For the listing below, output exactly the lines from the line with "Danum Valley (Sabah) – Forêt primaire ultime" up to and including the line with "我国耕地面积位居世界第几位", and no other lines.

---------- Task data

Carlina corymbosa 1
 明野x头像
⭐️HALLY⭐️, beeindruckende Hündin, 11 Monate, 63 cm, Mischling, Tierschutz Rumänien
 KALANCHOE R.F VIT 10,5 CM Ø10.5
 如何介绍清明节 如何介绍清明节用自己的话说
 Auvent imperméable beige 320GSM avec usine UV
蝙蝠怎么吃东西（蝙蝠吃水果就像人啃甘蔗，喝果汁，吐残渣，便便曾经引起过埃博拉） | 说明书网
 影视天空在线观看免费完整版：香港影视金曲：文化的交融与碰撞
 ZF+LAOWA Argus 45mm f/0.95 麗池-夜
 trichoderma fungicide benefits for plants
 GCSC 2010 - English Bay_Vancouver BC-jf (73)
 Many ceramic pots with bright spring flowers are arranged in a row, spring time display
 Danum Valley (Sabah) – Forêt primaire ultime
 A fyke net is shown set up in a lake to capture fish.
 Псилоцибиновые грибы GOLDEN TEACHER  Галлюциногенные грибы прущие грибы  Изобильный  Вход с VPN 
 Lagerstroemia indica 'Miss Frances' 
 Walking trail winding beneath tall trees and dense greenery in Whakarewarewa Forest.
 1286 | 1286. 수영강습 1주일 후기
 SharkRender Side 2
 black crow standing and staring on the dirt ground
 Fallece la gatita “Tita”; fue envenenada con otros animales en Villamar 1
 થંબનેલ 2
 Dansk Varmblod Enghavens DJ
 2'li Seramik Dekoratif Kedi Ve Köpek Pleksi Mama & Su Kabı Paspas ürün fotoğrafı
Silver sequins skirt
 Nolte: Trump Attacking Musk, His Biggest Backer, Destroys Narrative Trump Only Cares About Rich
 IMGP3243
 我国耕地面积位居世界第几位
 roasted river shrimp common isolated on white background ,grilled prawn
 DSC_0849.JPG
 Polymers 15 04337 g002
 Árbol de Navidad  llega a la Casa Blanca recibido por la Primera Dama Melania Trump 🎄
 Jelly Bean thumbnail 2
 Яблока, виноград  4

--------------------

§ Exercise answer
 Danum Valley (Sabah) – Forêt primaire ultime
 A fyke net is shown set up in a lake to capture fish.
 Псилоцибиновые грибы GOLDEN TEACHER  Галлюциногенные грибы прущие грибы  Изобильный  Вход с VPN 
 Lagerstroemia indica 'Miss Frances' 
 Walking trail winding beneath tall trees and dense greenery in Whakarewarewa Forest.
 1286 | 1286. 수영강습 1주일 후기
 SharkRender Side 2
 black crow standing and staring on the dirt ground
 Fallece la gatita “Tita”; fue envenenada con otros animales en Villamar 1
 થંબનેલ 2
 Dansk Varmblod Enghavens DJ
 2'li Seramik Dekoratif Kedi Ve Köpek Pleksi Mama & Su Kabı Paspas ürün fotoğrafı
Silver sequins skirt
 Nolte: Trump Attacking Musk, His Biggest Backer, Destroys Narrative Trump Only Cares About Rich
 IMGP3243
 我国耕地面积位居世界第几位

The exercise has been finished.